- Excerpted data:

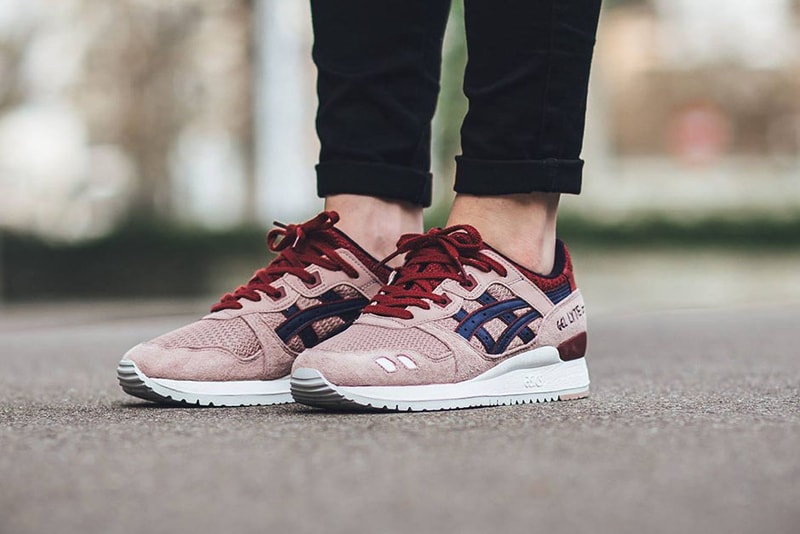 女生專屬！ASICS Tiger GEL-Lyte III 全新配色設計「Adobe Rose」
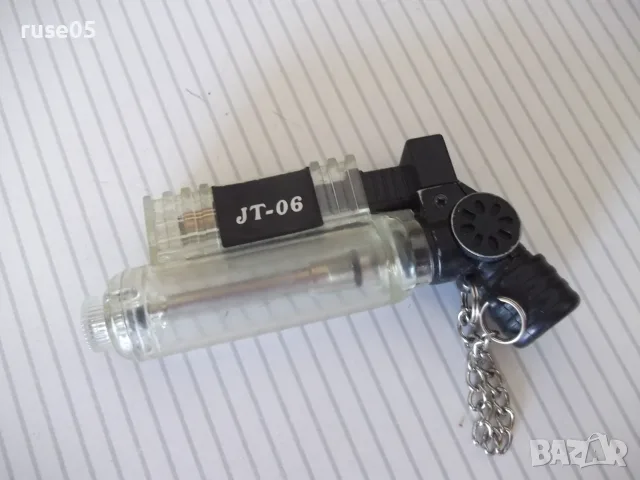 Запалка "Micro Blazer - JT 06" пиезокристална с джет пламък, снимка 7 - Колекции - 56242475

...

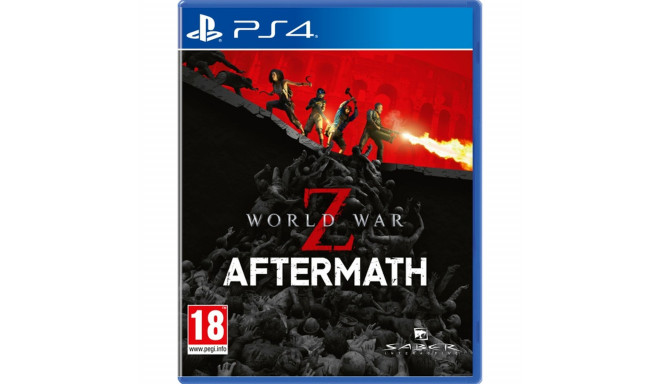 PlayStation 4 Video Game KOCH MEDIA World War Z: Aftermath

- Problem description: Give back, exactly and without pictures, the stretch of the records above from the line containing "女生專屬！ASICS Tiger GEL-Lyte" through the line containing "Колекции - 56242475", with both end lines included.

- Problem solution:
 女生專屬！ASICS Tiger GEL-Lyte III 全新配色設計「Adobe Rose」
 Запалка "Micro Blazer - JT 06" пиезокристална с джет пламък, снимка 7 - Колекции - 56242475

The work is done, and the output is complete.